Of the five vendors tested at the National Shrimp Festival, all of whom advertised their shrimp as being Gulf-sourced, only one—the regional grocery chain Rouse’s Supermarket—actually served authentic Gulf shrimp.
A Threat to the Local Industry
SeaD Consulting’s findings echo their results from the Morgan City festival, where only one of five sampled vendors was found to be serving shrimp from the Gulf of Mexico. David Williams, owner of SeaD Consulting, expressed his frustration with the misrepresentation, quipping that the National Shrimp Festival could more accurately be dubbed the “International Shrimp Festival.”
“We have a brand we need to protect,” Williams said. “And it’s not only about the brand, it’s a community. It’s a way of life.”

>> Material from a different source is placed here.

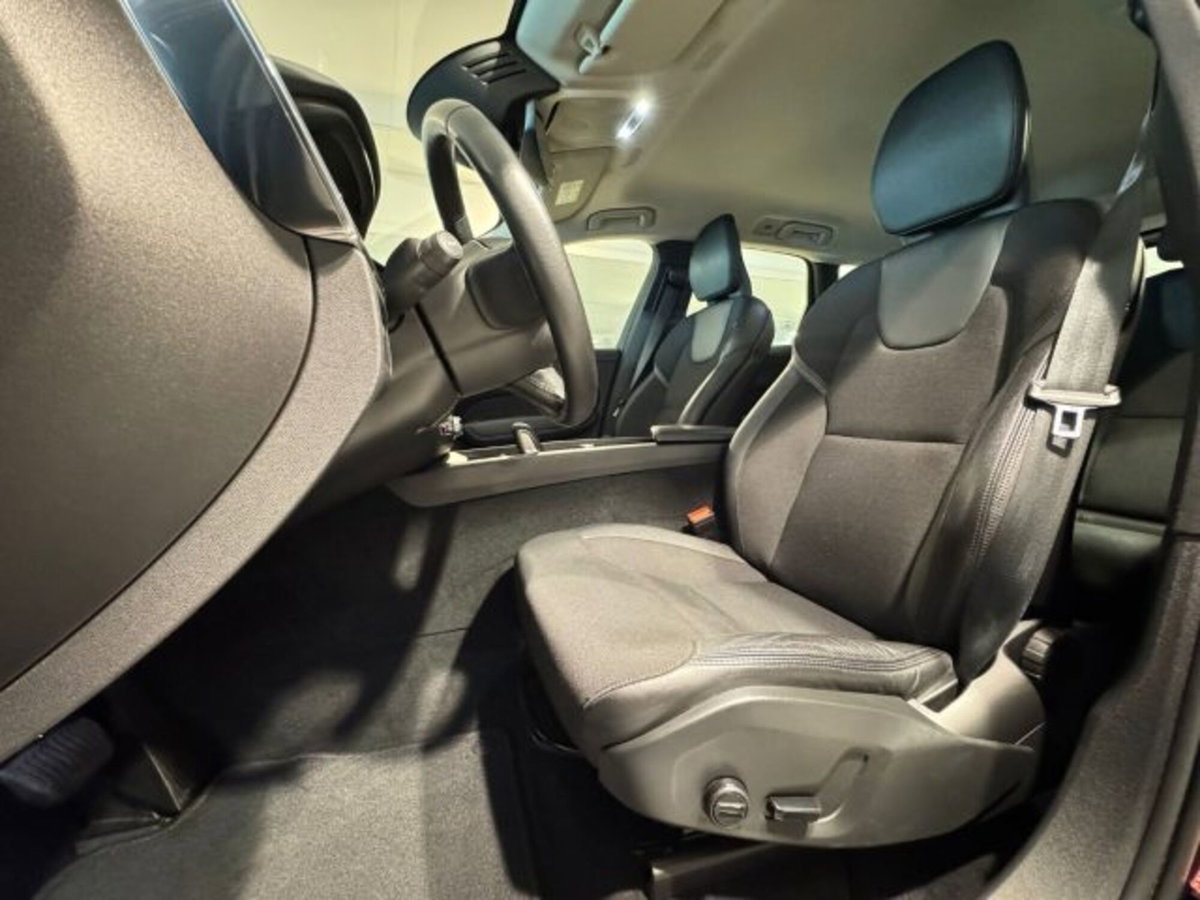 Volvo XC60 2.0 b4 Essential auto (11)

For many experts and local shrimpers, this issue is not merely about marketing ethics but about the future of a crucial coastal industry. The cachet of Gulf-caught shrimp is being diluted by deceptive practices, threatening the livelihoods of those who depend on the trade.
Deceptive Practices at Play
Restaurants and festivals that falsely advertise their shrimp as locally caught are, in the view of SeaD Consulting, engaging in harmful practices. Erin Williams, CEO of the consultancy, emphasized the broader consequences of such deception. By misleading consumers, these establishments undermine both the industry and the coastal communities they claim to support.
“If every restaurant and festival that used the imagery of our hardworking coastal communities actually used that product, our industry would not be in the state it is now,” she remarked. Merchandise, marketing materials, and menus frequently display romanticized imagery of local fishermen hauling in Gulf shrimp, yet the product on diners’ plates often tells a different story.
A Push for Transparency
SeaD Consulting aims to expose these practices on a larger scale, beginning with restaurant visits across the state to assess whether shrimp labeled as Gulf-caught truly lives up to its claims.
“The people that are doing the right thing will be promoted,” said David Williams. “And the people that are doing the wrong thing…well, we will give a percentage away of restaurants in each community that, in our opinion, are serving product that is incorrectly labeled.”
Despite the negative implications for some establishments, SeaD Consulting insists that their mission is a positive one. “We want a vibrant coastal community,” Williams said. “That’s all I care about.”